The release will mark a new chapter in U.S.-Saudi relations and a clear break from Trump's policy of equivocating about the Saudi state's role in the brutal murder.
Image: Saudi Crown Prince Mohammed bin Salman attends the Future Investment Initiative (FII) conference in the Saudi capital Riyadh
Saudi Crown Prince Mohammed bin Salman attends the Future Investment Initiative conference in the Saudi capital, Riyadh, in October 2018.Fayez Nureldine / AFP - Getty Images file

The Biden administration will release an intelligence report as early as Thursday that concludes that Saudi Crown Prince Mohammed bin Salman approved the 2018 killing of journalist Jamal Khashoggi, three U.S. officials familiar with the matter said.

The intelligence assessment, based largely on work by the CIA, is not new; NBC News was among the organizations that confirmed it in 2018.

But its public release will mark a significant new chapter in the U.S.-Saudi relationship and a clear break by President Joe Biden with former President Donald Trump's policy of equivocating about the Saudi state's role in a brutal murder that was widely condemned by members of Congress, journalists and a U.N. investigator.

Reuters first reported on the declassified intelligence summary scheduled for release in the coming days.

White House press secretary Jen Psaki told reporters Wednesday that Biden would communicate with the Saudi king, rather than his son the crown prince.
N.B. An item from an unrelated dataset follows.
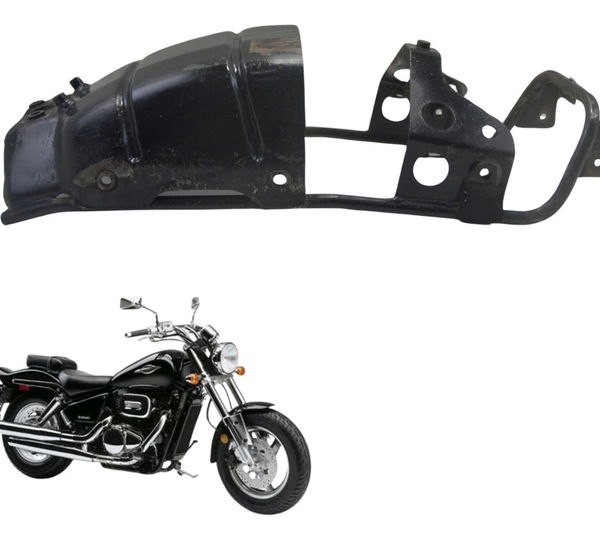 Alma Paralama Tras Detalhe Suzuki Vz 800 Marauder 97-05 Orig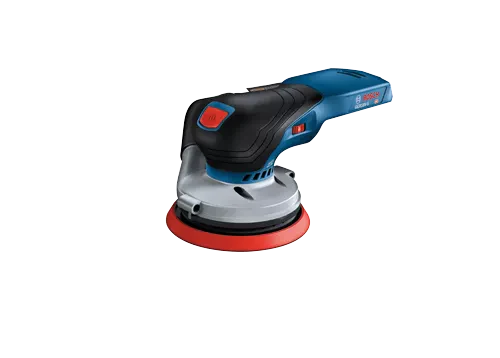 BOSCH GEX18V-5N, 18V 5" Random Orbit Sander (Bare Tool) - Image 10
She said the declassified report was being prepared for release soon.

The president confirmed to reporters late Wednesday that he had read the report.

It's unclear how releasing the report will affect U.S.-Saudi relations. Biden officials have been engaging with the Saudis since they took office, according to the State Department.

Khashoggi, 59, was a Saudi citizen working as a Washington Post columnist when he was lured to the Saudi consulate in Istanbul on Oct. 2, 2018, and killed by a team of intelligence operatives with close ties to the crown prince. His body was dismembered in part with a bone saw, American officials have said, and the remains have never been found.

After first denying the murder, the Saudi government changed course and asserted that Khashoggi was killed by accident as the team sought to forcibly extradite him. The Saudis say that the team acted on its own and that the crown prince was not involved.

Eight men were convicted in a trial that international observers called a farce; five got the death penalty. Their sentences were commuted to 20 years after they were allegedly forgiven by Khashoggi's relatives.

IMAGE: Jamal Khashoggi in Bahrain in 2014
Jamal Khashoggi during a news conference in Bahrain in 2014.Mohammed Al-Shaikh / AFP - Getty Images file

Agnes Callamard, who investigated the killing for the United Nations, accused Saudi Arabia of a "deliberate, premeditated execution, an extrajudicial killing for which the state of Saudi Arabia is responsible under international human rights law."

The CIA presented the White House with its assessment in 2018, but it did not appear to change Trump's friendly relations with Saudi Arabia and with bin Salman in particular.

Trump bragged in 2019 that he had protected bin Salman from congressional scrutiny in recorded interviews with journalist Bob Woodward.

"I saved his ass," Trump said. "I was able to get Congress to leave him alone. I was able to get them to stop."

"Do you believe that he did it?" Woodward asked.

"No, he says that he didn't do it," Trump replied.

During the 2020 election campaign, Biden promised to make the Saudis "pay the price and make them, in fact, the pariah that they are."

Biden has ended American support for Saudi Arabia's war in Yemen, but he has not moved to cut off military aid to an important Middle East ally and counterterrorism partner.

"The president's intention, as is the intention of this government, is to recalibrate our engagement with Saudi Arabia," Psaki said Wednesday.